Later, I signed up for CompuServe. CompuServe was somewhere in between the BBSes ran out of someone’s house and the true full internet. CompuServe was accessed by calling a local CompuServe number (they had numbers all over most of the country) and then connecting. CompuServe could support thousands and thousands of concurrent users, making it far larger than the biggest and most sophisticated BBS. CompuServe was not directly connected to the “true” internet, but it formed its own kind of interconnected network. Everyone had a CompuServe number, including companies. You could go to a specific corporate CompuServe number and actually order certain services totally online, for example I believe one of the earliest things you could do was actually book flights with a few air lines on CompuServe. I’m not sure how many people did it, but this was pretty freaking cool in the age when many people still called up an actual human travel agent to book a flight.
CompuServe also had a veritable mountain of message boards, text-only versions of a few major newspapers, chat functionality, messaging like email to other CompuServe users, and of course online games. It was also as expensive as sin, I can’t remember the rates but I think it was easily $0.15-0.20 a minute when I started using it. This meant that while you could do far more than on a traditional BBS and didn’t have to deal with the frustration of busy tones as often (many popular BBSes you would have to autodial for hours to get into), you were still quite limited unless you had very deep pockets.

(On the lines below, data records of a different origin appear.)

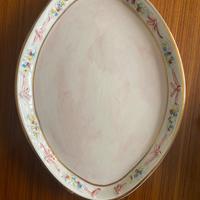 Vassoio in ceramica di Capodimonte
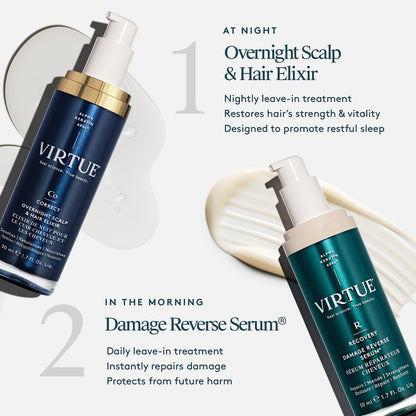 Virtue Overnight Scalp and Hair Elixir 50ml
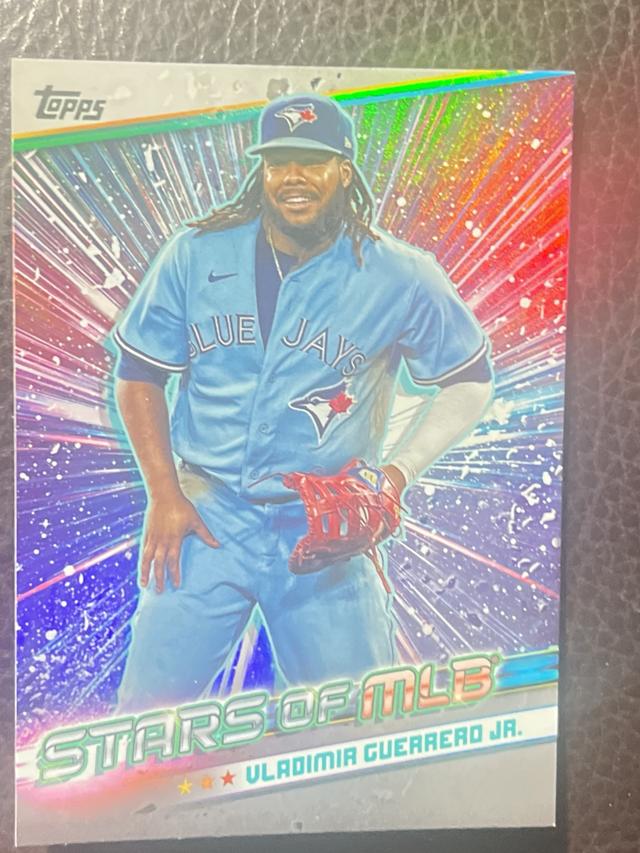 2024 Topps Series 1 Vladimir Guerrero Jr. STARS OF MLB #SMLB-19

I ran up a few very big CompuServe bills when I started playing the online text roleplaying game “British Legends” on CompuServe (I didn’t know right away but it was actually just a branded version of the even older “Multi-User Dungeon” game that started in British universities and spawned the generic term MUD for online text games.)
But the thing about CompuServe, as amazing as it was to me at the time, it was not the internet. There were other services out there at the time, Genie, Prodigy, I think even AOL may have existed as a stratup (I never heard of it until it got big in the 90s, though), but they didn’t work together. They were their own worlds, and they really didn’t connect to the real internet, either.
Arguably CompuServe broke out of the walled garden a little bit near the late 80s, when it added the functionality to email anyone, and that was a big deal. Before then, I could message other CS users, after, I could email anyone in the world using an email address more or less.
While the internet predated WWW, it was the web and Berners-Lee that really changed this model. By creating this publicly accessible web sites, which providers like CompuServe were very quick to open up to their users, a lot of people who had been running around in their own segregated gardens were now hitting web servers hosted on the honest-to-god internet of legend before only spoken of in tech magazines. It wasn’t until a few years later when they removed a few rules that were a holdover from the internet as a purely government sponsored and later academic network that what I consider the “internet as we know it” becoming truly mainstream. Because as a computer user back before then, I may have been connecting to other computers, but I wasn’t connecting to the internet until the web created the real possibility for that to happen. [Technically CompuServe actually was using the IP protocol on the back end to connect its many networks together to facilitate all of its users connecting and interacting, but it was still closed off from the “real” internet of universities and research institutes.]
So in a sense there’s a very good reason most people confuse the creation of WWW with the creation of the internet, because WWW becoming popular is exactly what let most ordinary people actually access resources on the internet and hit content that lived on the internet.